Looks like a pretty good list of stuff,. Seems like you've got more than enough from a gear perspective to get started. Treated your room at all? Pretty much everybodys going to recommend bass traps in the front corners and panel traps at the first reflection points. Without these your studio monitors will be largely irrelevant. Look to spend 1-200 bucks and a lonely weekend. Good luck.


Most any room acoustics advice you would hope to get in response to your thread has already been provided in the following links:

https://homerecording.com/bbs/gener...oustic-treatment/small-room-acoustics-365127/

Acoustic Treatment and Design for Recording Studios and Listening Rooms
 
Oh and I forgot to mention that the space I'm renting is a half of an unused, larger room, with an accordion divider making up one of the walls. Will this be of any value for breaking up reflections?
 
Probably not. Might do something, hard to say. Whats it made of. Wood with material over it designed to block passage of light and speech level frequencies? doesn't matter the real issues are bass trapping and early reflections. The good news is bass will probably ignore the room divider to an extent and you could probably calculate your room modes based on the entire space rather than just your half.
 
It's made of a flexible, synthetic material of some sort (It's in a room previusly used as a sunday school class). Thanks for the reply, been studying up on what I need for some acoustic treatment. If I'm using the whole room as a guide, would I need bass traps and treatment in the unused portion as well? Thanks so much for the help.
 
If you can easily blow air through the material its probably fine and you can ignore it. If not,. I would assume its meant to absorb speech level frequencies which might provide a similar effect as drop ceiling tiles,. but on your back wall. I doubt its going to hurt or help you much because there are so many more frequencies whos reflections will NOT be altered.
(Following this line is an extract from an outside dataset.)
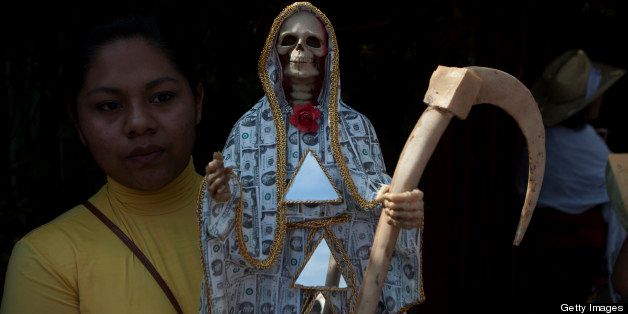 OAXACA, MEXICO - NOVEMBER 2: A woman carries a skeletal figure representing the folk saint known in Mexico as 'Santa Muerte' or ' Death Saint' during a procession in Oaxaca, Mexico on November 2, 2012 . ( Photo by Claudio Cruz/LatinContent/Getty Images)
You will need bass traps and panels at your first reflection points including one either on the actual back wall, or the room divider if thats not an option. Sounds like a smaller space your working with which makes this even more important. There are mathy answers readily available. the links I posted,. its all there. Your ears and the room are also tools in the audio chain that have as much effect on the mix as anything with knobs.